▶ **Exercise brief**
What is needed is an exact reproduction of the lines from the one that contains "VR Headset with Controllers - White" through the end of the data, both included and nothing else, with pictures omitted.

▶ **Raw data**
_ _ _ _ _
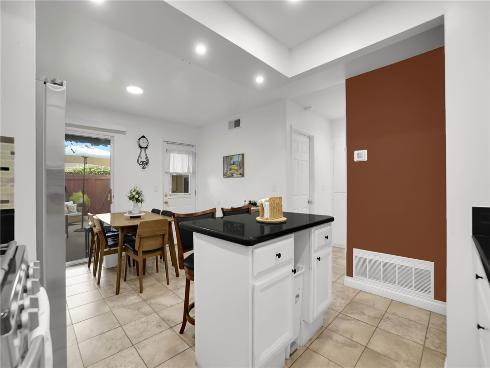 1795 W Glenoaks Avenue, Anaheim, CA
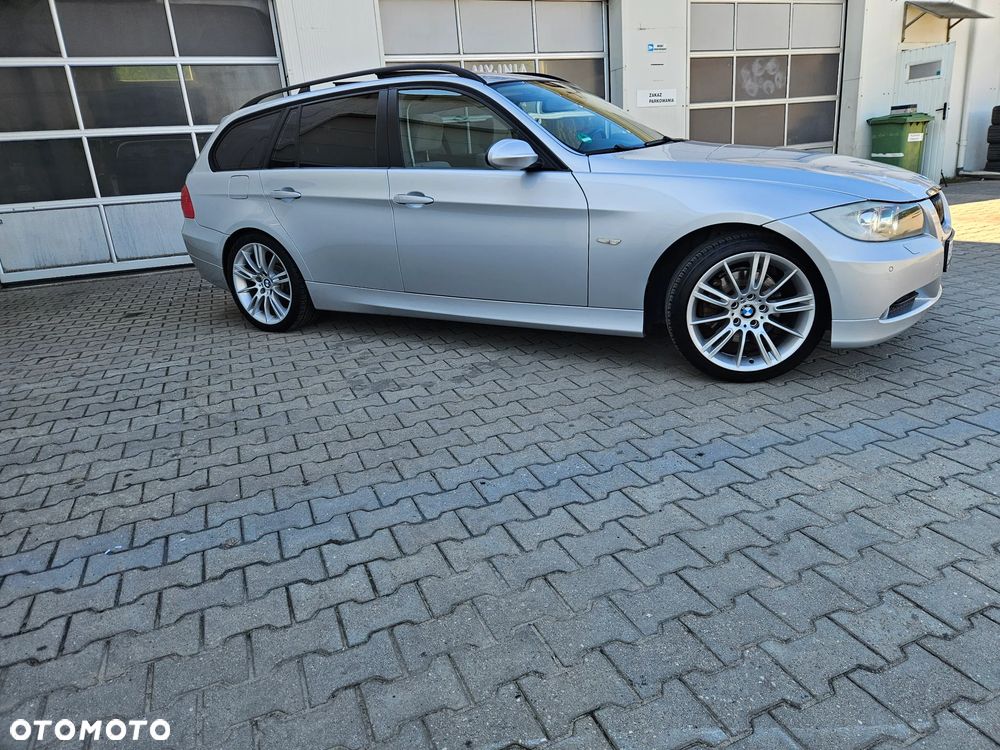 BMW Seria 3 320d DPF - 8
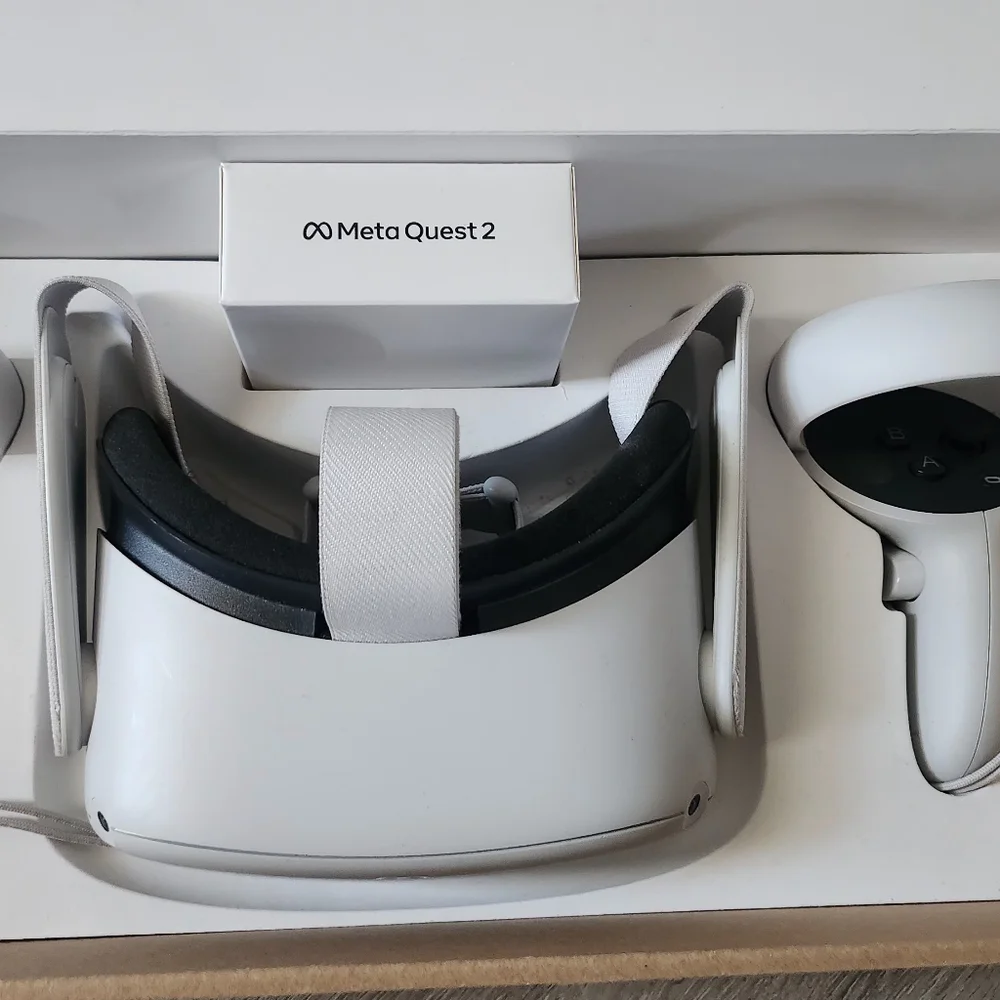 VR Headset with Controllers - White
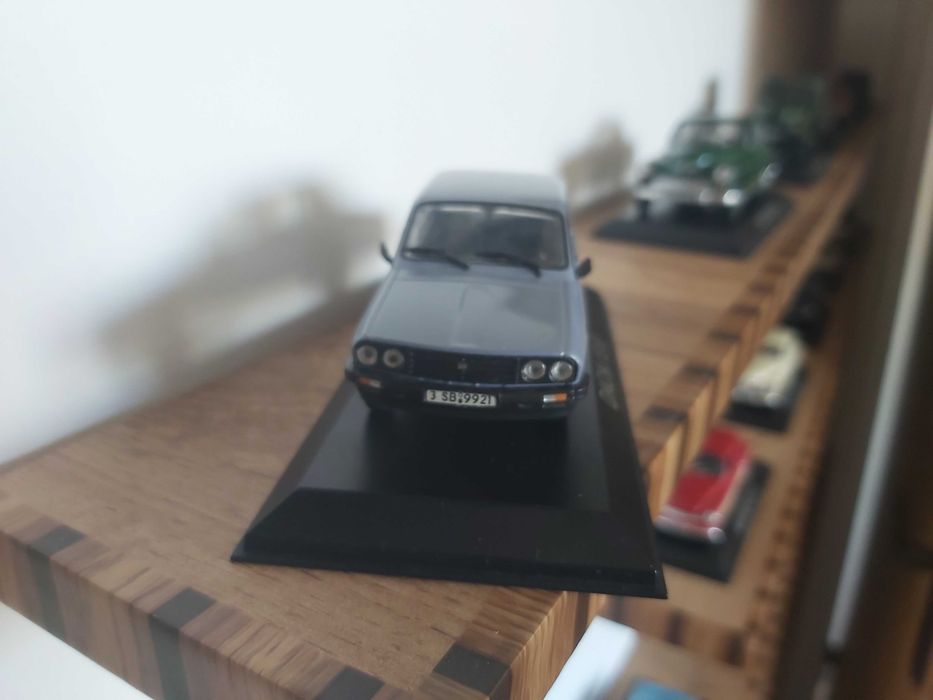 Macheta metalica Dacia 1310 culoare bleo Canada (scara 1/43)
_ _ _ _ _
▶ **Final answer**
 VR Headset with Controllers - White
 Macheta metalica Dacia 1310 culoare bleo Canada (scara 1/43)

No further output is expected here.